Exercise brief> Repeat the data word for word and skip the pictures.

Recorded information>
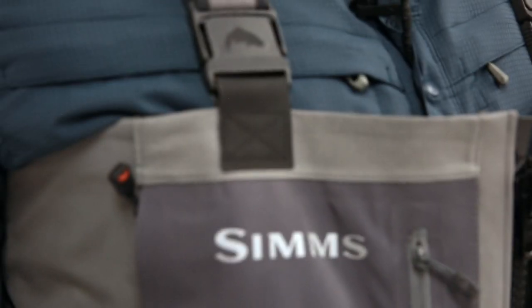Hi, my name is Mark Preich and I'm a Simms ambassador. I guide full-time on the Missouri River in Montana. As a full-time guide, I rely on all kinds of equipment, but one piece of gear that's arguably the most critical piece for me are my waders. I've been using Simms waders for over 20 years and I was fortunate enough to be one of the testers on the Simms all-new G4Z stocking foot wader.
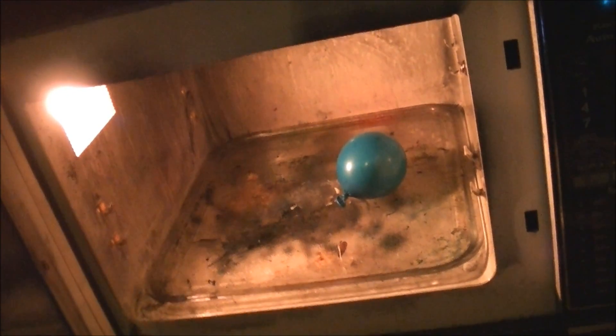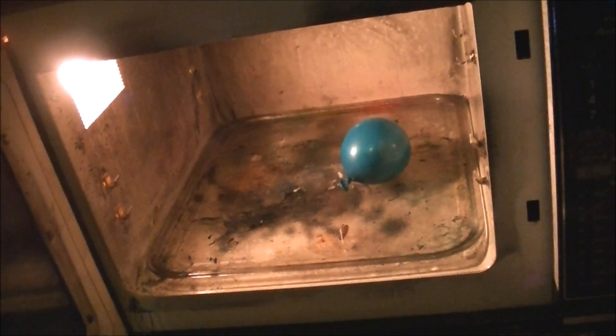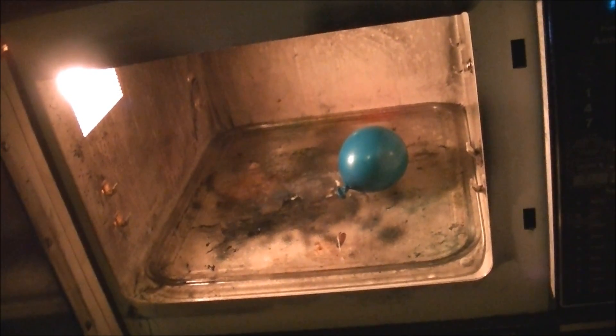I figure this will be a nice fitting final porch experiment, because after this all experiments will be done outside in the yard or in a field somewhere, with the exception of a few very low-key things I might do in the home microwave — but even then, doubtful. So enjoy the last ever experiment done on this back porch.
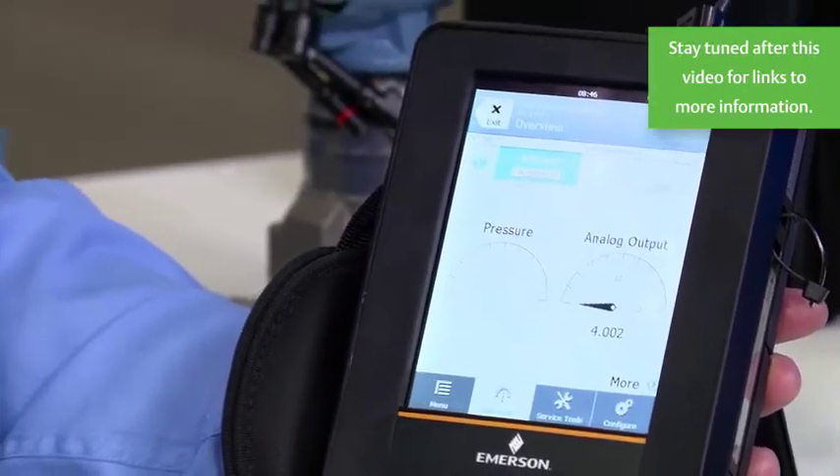And there it is — power the loop by the brand new AMS Trex device communicator. To get more information, visit our website at emerson.com/Trex, T-R-E-X. Thank you.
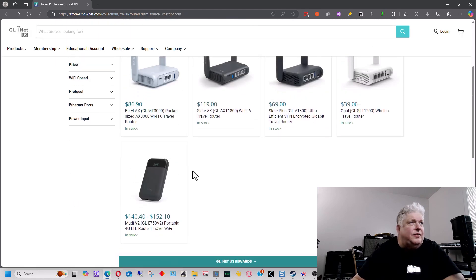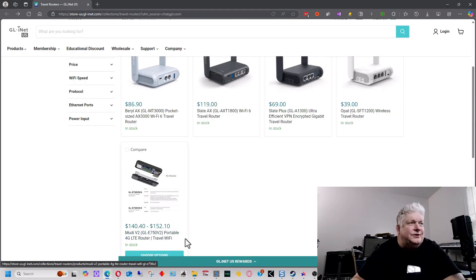Finally, there's the Mudi Version 2, which has a 4G cellular modem built directly into it. So instead of tethering a smartphone or using an external modem, the cellular connectivity is built in. You would need to get it set up with a service provider like T-Mobile or AT&T.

Solution to this task>
Hi, my name is Mark Preich and I'm a Simms ambassador. I guide full-time on the Missouri River in Montana. As a full-time guide, I rely on all kinds of equipment, but one piece of gear that's arguably the most critical piece for me are my waders. I've been using Simms waders for over 20 years and I was fortunate enough to be one of the testers on the Simms all-new G4Z stocking foot wader.
I figure this will be a nice fitting final porch experiment, because after this all experiments will be done outside in the yard or in a field somewhere, with the exception of a few very low-key things I might do in the home microwave — but even then, doubtful. So enjoy the last ever experiment done on this back porch.
And there it is — power the loop by the brand new AMS Trex device communicator. To get more information, visit our website at emerson.com/Trex, T-R-E-X. Thank you.
Finally, there's the Mudi Version 2, which has a 4G cellular modem built directly into it. So instead of tethering a smartphone or using an external modem, the cellular connectivity is built in. You would need to get it set up with a service provider like T-Mobile or AT&T.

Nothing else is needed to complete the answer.